I’m lucky enough to have a friend who will stop his day once in a while so we can walk the neighborhood and solve the problems of the world.
Sometimes those problems are small — a washing machine that didn’t get fixed properly, a service call that cost more than promised, a contractor who didn’t quite do the job they said they would. We walk, we wave to neighbors, we greet dogs, and we argue about whether we got our money’s worth.
We’ve been doing this long enough that we can reference old conversations. Long enough to nod quietly when one of us has to admit the other read the tea leaves better. Most of the time, it’s light. Practical. Grounded.
Politics used to be like that too.
At first, we only talked about it when something big happened. Would Trump get convicted? Was Joe Biden too old? What would it mean if a bill passed? We tried to stick to facts, with a little humor to keep it human.
But somewhere along the way, the conversations changed.
Now, most of our walk is spent talking about the state of the country — how we got here, and why the self-correction mechanisms our founders built into the system haven’t kicked in.
Our discussions are still based on what we can see. We challenge each other. We pull each other back when one of us drifts too far into speculation. We’re not naïve. We know power attracts bad actors. For every Superman, there’s a Lex Luthor. For every saint, a sinner. That’s not a revelation — it’s human nature.
The trick has always been putting the good ones — or at least the good enough ones — in charge.
We understood Joe Biden was aging. We understood Trump was convicted of felonies. We understood there was no significant voter fraud. We also understood that whenever power is handed over, it can be abused.
Where we were wrong was speed.
We assumed Congress would check the executive branch. We assumed the courts would move fast enough to matter. We assumed norms would slow things down.
We didn’t account for what happens when someone moves faster than the system — ignores the rules, bypasses the guardrails, and lets the consequences lag months behind the actions.
At first, we debated whether they could do it.
Then we watched them do it.
Then the question became: what does it mean that they did?
What we didn’t fully grasp was that this wasn’t improvisation. There was a playbook. Messaging strategies. Loyalists willing to support the outcome at any cost. The first term ended in defeat and embarrassment. The second would be different. This time, whatever happened would be justified — as long as it never felt like that again.
Who they are is still unclear. One man? A movement? A coalition behind the scenes? No matter how far we walk, we don’t quite land on an answer.
But by October, that question almost stops mattering.
Because October is when the bill comes due.

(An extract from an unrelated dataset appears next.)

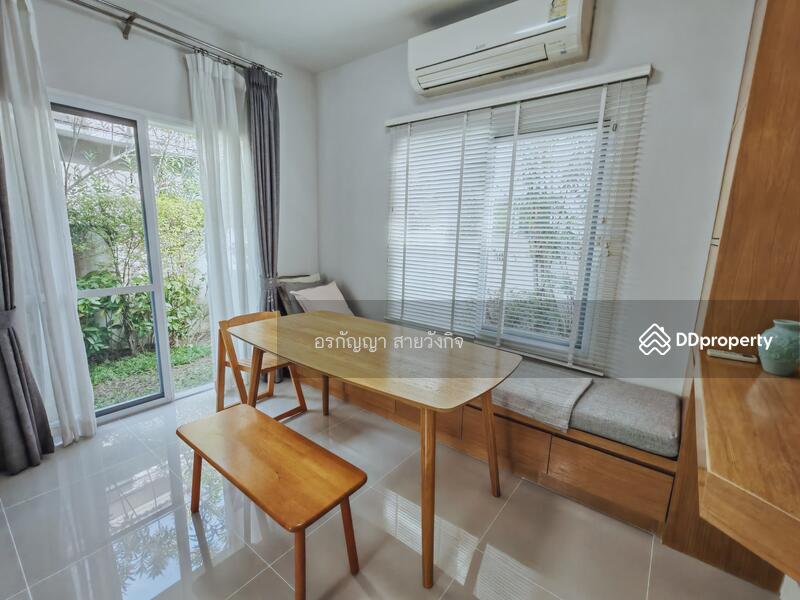 ขาย - อินนิซิโอ - สันกำแพง 3ห้องนอน 2ห้องน้ำ 51 ตร.ม. (ID:706HS), เชียงใหม่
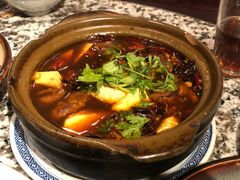 -南京大牌档(凯德大峡谷店)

Just like with the washing machine or the contractor, we’re no longer arguing about intentions. We’re talking about cost. About quality. About whether the service we were promised is the service we’re getting — and what happens when it isn’t.
Once again, my neighbor and I find ourselves asking the same question we always do at the end of our walks:
Did we get what we paid for?
And if not — who’s going to be held accountable?